A man walks into a bar! ouch!!!


A man walks into a bar and asks, 'Do you serve women in this bar?'
'No,' replies the barman, 'you have to bring your own.'


A man went into a bar after work and ordered a beer. As he started drinking his beer, he heard a female voise saying seductively, 'You've got nice hair'.
The man looked all around him but couldn't see where the voice came from. A minute later he heard the same voice saying, 'You are a handsome man.' The man was really puzzled by this so he asked the barman what was going on.
The barman replied, 'It's the nuts - they're complimentary.'


A man walks into a bar and asks the barman, 'Was I in here last night?'
'You certainly were,' replies the barman.
'And did I spend a lot of money?'
'You spent over $300, replies the barman.
'Thank god for that,' says the man, 'I thought I'd lost it.'


A guy runs in a bar and he asks the bartender for 24 shots of his finest whisky. When the bartender has poured the shots the guy drinks them down as fast as possible. The bartender says "wow I've never seen anyone drink that fast before" and the guy says "You would to if you had what I had" and the bartender says "What is it you have?" And the guy says "25 cents" and runs out of the bar.

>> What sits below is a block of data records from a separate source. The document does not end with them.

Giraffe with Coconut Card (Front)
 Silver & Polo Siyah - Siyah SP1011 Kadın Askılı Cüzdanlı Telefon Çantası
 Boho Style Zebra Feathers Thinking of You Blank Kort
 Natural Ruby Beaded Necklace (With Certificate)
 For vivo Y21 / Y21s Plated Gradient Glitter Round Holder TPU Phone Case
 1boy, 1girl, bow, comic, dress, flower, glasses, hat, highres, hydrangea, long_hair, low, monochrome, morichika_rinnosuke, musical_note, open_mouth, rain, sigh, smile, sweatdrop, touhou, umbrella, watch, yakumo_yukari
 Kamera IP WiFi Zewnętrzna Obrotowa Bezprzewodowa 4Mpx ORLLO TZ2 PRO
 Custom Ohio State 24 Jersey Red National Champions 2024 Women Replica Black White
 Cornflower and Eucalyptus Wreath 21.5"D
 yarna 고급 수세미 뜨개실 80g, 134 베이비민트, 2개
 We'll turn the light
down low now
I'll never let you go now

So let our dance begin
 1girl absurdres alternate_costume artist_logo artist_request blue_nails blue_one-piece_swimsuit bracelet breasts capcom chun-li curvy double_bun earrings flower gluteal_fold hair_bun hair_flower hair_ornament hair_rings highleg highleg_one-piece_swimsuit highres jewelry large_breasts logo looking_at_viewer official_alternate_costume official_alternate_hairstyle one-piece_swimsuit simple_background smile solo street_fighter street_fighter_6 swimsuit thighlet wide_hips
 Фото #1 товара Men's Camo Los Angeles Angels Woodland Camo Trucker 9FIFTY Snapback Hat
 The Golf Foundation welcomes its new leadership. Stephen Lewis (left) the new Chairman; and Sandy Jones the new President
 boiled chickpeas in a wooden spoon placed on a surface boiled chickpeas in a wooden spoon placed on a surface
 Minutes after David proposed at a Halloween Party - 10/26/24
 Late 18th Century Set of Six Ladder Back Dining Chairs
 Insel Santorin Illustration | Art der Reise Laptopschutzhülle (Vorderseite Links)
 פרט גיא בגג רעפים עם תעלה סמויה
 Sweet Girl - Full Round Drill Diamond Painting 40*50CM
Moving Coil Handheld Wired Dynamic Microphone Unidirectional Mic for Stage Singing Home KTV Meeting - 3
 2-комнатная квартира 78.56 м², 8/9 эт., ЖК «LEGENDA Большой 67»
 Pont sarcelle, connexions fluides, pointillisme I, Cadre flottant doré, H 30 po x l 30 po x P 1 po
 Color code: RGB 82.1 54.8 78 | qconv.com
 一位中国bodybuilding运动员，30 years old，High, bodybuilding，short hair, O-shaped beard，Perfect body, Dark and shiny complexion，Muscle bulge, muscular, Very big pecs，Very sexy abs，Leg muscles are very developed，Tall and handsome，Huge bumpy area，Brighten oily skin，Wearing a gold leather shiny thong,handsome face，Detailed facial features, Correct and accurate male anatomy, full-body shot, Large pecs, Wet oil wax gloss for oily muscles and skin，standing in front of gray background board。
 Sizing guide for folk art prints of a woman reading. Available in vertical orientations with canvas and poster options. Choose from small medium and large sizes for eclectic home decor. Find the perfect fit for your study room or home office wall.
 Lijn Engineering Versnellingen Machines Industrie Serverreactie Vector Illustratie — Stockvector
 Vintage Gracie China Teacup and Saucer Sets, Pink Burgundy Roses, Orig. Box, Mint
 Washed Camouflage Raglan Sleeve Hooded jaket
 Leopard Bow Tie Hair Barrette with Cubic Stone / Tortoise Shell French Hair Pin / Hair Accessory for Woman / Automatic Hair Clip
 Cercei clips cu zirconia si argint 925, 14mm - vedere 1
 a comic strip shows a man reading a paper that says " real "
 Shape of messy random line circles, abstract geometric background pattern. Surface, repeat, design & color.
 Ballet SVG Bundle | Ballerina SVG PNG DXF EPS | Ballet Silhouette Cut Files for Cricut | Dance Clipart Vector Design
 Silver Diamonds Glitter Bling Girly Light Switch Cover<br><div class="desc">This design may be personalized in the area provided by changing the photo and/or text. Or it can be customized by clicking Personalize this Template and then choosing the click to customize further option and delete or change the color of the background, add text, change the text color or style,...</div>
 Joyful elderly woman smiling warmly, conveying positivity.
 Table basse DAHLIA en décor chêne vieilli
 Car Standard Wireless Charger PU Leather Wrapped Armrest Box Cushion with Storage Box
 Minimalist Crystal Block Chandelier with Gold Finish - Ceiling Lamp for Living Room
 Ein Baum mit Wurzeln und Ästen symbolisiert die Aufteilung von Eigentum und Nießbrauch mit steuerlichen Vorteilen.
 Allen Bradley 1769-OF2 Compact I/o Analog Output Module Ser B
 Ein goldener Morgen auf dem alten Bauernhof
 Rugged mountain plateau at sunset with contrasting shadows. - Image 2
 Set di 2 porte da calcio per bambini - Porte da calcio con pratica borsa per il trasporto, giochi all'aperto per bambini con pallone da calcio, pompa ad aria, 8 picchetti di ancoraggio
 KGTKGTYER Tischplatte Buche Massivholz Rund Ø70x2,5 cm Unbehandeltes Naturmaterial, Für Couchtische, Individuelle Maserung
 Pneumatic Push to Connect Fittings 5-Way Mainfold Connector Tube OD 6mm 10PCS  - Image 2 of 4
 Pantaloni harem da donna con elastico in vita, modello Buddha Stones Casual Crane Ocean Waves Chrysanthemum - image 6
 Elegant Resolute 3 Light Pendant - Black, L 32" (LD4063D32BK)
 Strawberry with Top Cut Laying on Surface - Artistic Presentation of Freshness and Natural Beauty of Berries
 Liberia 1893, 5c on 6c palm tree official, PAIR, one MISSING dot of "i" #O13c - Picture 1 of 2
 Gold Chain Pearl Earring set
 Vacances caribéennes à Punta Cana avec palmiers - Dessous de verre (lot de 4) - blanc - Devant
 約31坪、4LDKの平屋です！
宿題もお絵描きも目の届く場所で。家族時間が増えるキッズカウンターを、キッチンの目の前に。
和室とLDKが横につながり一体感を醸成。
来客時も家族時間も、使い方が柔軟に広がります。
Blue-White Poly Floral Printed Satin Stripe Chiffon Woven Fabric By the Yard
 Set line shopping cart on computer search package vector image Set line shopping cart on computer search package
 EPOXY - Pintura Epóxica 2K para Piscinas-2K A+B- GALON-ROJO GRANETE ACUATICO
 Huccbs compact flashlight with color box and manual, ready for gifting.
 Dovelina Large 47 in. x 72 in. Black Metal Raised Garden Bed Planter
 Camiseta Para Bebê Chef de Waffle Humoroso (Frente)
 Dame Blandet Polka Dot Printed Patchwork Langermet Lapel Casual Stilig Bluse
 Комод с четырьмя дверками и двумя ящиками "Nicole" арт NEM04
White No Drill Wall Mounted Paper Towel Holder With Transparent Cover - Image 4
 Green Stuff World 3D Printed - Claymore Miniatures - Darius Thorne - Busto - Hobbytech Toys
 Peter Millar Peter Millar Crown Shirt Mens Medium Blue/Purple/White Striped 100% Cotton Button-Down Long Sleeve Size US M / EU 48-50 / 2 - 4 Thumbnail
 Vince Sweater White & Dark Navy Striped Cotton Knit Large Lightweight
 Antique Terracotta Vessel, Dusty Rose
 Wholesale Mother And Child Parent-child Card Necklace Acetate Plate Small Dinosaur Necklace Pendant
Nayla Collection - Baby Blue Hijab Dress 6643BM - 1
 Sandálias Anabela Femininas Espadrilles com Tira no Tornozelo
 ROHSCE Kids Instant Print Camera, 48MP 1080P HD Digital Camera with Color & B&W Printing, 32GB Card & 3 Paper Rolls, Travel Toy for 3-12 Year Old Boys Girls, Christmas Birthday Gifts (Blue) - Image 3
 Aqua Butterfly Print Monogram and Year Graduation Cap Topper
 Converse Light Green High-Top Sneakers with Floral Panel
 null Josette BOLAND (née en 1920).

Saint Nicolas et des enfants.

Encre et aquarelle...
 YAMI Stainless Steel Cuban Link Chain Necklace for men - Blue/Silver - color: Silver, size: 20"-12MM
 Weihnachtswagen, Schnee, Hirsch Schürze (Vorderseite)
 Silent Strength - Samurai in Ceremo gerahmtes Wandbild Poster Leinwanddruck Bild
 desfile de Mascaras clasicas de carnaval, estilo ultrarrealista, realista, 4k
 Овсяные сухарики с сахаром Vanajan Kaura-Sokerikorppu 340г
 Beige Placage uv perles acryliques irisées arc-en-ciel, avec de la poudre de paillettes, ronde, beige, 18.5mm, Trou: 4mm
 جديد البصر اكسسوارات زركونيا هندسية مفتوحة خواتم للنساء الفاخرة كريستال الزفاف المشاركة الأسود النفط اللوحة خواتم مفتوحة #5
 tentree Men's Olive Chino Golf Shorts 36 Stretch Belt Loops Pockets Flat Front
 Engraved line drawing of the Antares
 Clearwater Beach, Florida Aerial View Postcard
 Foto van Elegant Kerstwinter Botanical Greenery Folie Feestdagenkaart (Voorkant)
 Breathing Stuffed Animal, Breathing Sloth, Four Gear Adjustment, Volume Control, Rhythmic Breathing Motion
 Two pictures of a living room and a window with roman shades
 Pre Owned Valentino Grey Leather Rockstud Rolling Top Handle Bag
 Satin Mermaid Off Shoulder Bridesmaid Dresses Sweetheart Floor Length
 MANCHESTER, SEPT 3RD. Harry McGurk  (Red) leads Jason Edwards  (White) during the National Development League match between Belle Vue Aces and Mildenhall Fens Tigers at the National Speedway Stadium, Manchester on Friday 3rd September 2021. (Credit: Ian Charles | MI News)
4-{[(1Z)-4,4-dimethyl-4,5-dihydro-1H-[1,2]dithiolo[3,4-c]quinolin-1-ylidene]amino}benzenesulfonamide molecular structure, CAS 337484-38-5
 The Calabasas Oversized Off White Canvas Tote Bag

This guy walks into a bar, carrying a crocodile and a chicken. He sets them down on the stool next to him, and says to the (uncertain-looking) bartender "I'll have a Scotch and Soda."
Then the crocodile says "And I'll have a Whiskey Sour."
The (dumbfounded) bartender gasps "That's incredible; I've never seen a crocodile that could talk!"
And the guy says "He can't; the chicken is a ventriloquist."